Agnostic autonomous improvement engine — point it at any codebase, it makes it measurably better overnight
Project description
The Cloud Clock Work - Autoresearch
A Claude Code wrapper that makes any codebase measurably better overnight.
pip install tccw-autoresearch
cd your-project
autoresearch init
Claude opens. It scans your project. Asks what you want to improve. Configures everything. Runs the first experiment. Done.
How It Works
flowchart TD
subgraph INSTALL["<b>1 ◼ INSTALL</b>"]
direction LR
A1["pip install<br/>tccw-autoresearch"]:::install
A2["cd your-project"]:::install
A1 --> A2
end
subgraph ONBOARD["<b>2 ◼ ONBOARD</b>"]
direction TB
B1["autoresearch init"]:::cmd
B2["Claude Code opens<br/>interactive session"]:::claude
B3["Scans your project<br/>detects tech stack"]:::claude
B4["Asks: what to improve?<br/>lint · coverage · build time"]:::question
B5["Asks: which files<br/>can the agent edit?"]:::question
B6["Writes config + measures baseline"]:::config
B1 --> B2 --> B3 --> B4 --> B5 --> B6
end
subgraph CONFIG["<b>3 ◼ .autoresearch/</b>"]
direction LR
C1["config.yaml<br/>metric · rules · budget"]:::config
C2["agents/default/<br/>CLAUDE.md · settings.json"]:::config
C3["state.json<br/>progress · results"]:::state
end
subgraph ENGINE["<b>4 ◼ EXPERIMENT LOOP</b>"]
direction TB
D1["Create git worktree<br/>isolated branch"]:::engine
D2["Spawn Claude Code agent<br/>with budget + permissions"]:::claude
D3["Agent reads code<br/>forms hypothesis<br/>edits mutable files"]:::claude
D4["Run metric command<br/>extract number"]:::metric
D5{{"Improved?"}}:::decision
D6["KEEP<br/>git commit"]:::keep
D7["DISCARD<br/>git reset"]:::discard
D1 --> D2 --> D3 --> D4 --> D5
D5 -->|"Yes"| D6
D5 -->|"No"| D7
D6 --> D8
D7 --> D8["Next experiment<br/>or budget exhausted"]:::engine
end
subgraph PUBLISH["<b>5 ◼ RESULTS</b>"]
direction LR
E1["git push branch"]:::publish
E2["Create PR<br/>with audit trail"]:::publish
E3["Auto-merge<br/>to dev"]:::publish
E1 --> E2 --> E3
end
INSTALL --> ONBOARD
ONBOARD --> CONFIG
CONFIG --> ENGINE
ENGINE --> PUBLISH
classDef install fill:#1e3a5f,stroke:#4a9eff,color:#fff,stroke-width:2px
classDef cmd fill:#0d1117,stroke:#58a6ff,color:#58a6ff,stroke-width:2px
classDef claude fill:#6e40c9,stroke:#a371f7,color:#fff,stroke-width:2px
classDef question fill:#8b5cf6,stroke:#c4b5fd,color:#fff,stroke-width:2px
classDef config fill:#0e4429,stroke:#3fb950,color:#fff,stroke-width:2px
classDef state fill:#1a4731,stroke:#56d364,color:#fff,stroke-width:1px
classDef engine fill:#1c1917,stroke:#f97316,color:#fff,stroke-width:2px
classDef metric fill:#713f12,stroke:#fbbf24,color:#fff,stroke-width:2px
classDef decision fill:#854d0e,stroke:#facc15,color:#fff,stroke-width:3px
classDef keep fill:#14532d,stroke:#22c55e,color:#fff,stroke-width:3px
classDef discard fill:#7f1d1d,stroke:#ef4444,color:#fff,stroke-width:3px
classDef publish fill:#1e3a5f,stroke:#38bdf8,color:#fff,stroke-width:2px
You define the metric. Claude does the work. AutoResearch decides what to keep.
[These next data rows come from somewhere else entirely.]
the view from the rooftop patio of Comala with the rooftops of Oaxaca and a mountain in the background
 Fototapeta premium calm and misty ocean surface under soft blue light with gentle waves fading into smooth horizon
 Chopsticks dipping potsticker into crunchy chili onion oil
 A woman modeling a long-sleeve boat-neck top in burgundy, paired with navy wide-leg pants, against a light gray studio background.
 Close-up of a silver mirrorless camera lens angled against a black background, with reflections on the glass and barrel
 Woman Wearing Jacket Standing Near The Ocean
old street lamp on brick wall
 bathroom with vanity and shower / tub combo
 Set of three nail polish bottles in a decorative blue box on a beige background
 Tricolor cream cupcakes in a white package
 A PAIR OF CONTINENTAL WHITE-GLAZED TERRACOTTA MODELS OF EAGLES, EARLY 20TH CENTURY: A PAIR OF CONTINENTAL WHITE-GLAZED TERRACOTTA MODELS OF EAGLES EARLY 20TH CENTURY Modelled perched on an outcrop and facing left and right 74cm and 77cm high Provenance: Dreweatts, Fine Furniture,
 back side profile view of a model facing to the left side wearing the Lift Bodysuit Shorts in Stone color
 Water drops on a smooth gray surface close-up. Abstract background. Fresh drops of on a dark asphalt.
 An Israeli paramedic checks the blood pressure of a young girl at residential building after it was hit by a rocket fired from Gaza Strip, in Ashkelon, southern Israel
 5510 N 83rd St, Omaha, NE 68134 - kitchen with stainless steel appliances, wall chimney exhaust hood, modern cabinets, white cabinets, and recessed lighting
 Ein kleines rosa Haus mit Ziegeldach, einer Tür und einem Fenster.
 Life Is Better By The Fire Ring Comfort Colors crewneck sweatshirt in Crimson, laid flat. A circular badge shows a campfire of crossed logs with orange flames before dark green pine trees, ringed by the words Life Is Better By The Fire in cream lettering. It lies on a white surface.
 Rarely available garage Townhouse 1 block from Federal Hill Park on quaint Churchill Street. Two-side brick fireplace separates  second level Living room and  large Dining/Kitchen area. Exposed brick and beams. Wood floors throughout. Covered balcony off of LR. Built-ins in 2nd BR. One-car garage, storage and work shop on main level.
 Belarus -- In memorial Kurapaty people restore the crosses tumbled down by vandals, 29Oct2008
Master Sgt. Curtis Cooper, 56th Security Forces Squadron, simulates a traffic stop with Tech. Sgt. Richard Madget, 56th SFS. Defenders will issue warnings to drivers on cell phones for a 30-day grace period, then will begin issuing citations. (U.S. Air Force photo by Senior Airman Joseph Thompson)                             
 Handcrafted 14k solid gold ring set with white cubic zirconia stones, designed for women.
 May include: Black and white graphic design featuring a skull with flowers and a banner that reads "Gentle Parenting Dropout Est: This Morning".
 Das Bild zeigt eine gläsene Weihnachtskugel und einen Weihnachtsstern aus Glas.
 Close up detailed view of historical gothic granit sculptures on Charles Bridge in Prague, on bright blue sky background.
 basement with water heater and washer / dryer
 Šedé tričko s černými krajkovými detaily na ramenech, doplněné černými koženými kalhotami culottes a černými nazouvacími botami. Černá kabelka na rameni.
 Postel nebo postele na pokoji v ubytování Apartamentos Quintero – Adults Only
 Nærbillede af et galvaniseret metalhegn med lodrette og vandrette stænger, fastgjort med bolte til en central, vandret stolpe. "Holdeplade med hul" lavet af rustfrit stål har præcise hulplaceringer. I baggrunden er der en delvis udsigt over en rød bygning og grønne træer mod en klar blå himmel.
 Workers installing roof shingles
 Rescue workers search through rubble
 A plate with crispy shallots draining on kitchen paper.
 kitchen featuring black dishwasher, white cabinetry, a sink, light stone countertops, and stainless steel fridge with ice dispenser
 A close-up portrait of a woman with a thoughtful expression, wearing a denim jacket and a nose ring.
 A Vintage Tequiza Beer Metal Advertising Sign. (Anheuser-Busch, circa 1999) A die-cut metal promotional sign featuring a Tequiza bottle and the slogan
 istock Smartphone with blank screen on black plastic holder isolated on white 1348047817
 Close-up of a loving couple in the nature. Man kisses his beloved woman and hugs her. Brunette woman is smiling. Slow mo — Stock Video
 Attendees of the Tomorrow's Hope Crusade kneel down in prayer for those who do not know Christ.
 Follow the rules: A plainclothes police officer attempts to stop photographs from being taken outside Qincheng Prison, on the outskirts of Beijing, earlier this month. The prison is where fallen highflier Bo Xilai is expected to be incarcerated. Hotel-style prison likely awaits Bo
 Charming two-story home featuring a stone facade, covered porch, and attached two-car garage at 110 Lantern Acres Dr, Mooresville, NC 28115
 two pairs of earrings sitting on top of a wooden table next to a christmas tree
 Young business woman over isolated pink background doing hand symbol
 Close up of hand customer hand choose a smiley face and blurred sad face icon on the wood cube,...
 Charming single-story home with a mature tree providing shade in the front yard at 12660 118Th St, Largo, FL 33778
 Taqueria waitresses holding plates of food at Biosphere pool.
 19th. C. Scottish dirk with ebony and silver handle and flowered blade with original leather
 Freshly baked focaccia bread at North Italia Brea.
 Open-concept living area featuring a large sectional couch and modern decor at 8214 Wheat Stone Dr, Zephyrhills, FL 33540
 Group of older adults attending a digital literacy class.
Reduce lint errors. Increase test coverage. Cut build times. Fix code smells. Anything you can measure with a shell command.
autoresearch init in action
autoresearch run — live experiment progress
What Is This?
AutoResearch is an orchestrator that sits on top of Claude Code. It gives Claude a metric, a budget, and permission to edit specific files — then measures whether the code got better.
Requirements
- Python 3.10+
- Claude Code installed and authenticated (
claude --version)
That's it. No Docker. No GPU. No ML frameworks. No infrastructure.
How It Works
1. Install
pip install tccw-autoresearch
2. Initialize (AI-guided)
cd your-project
autoresearch init
This spawns an interactive Claude Code session with the /onboard skill:
- Claude scans your project, detects the tech stack
- Asks what you want to improve (lint, coverage, build time, custom)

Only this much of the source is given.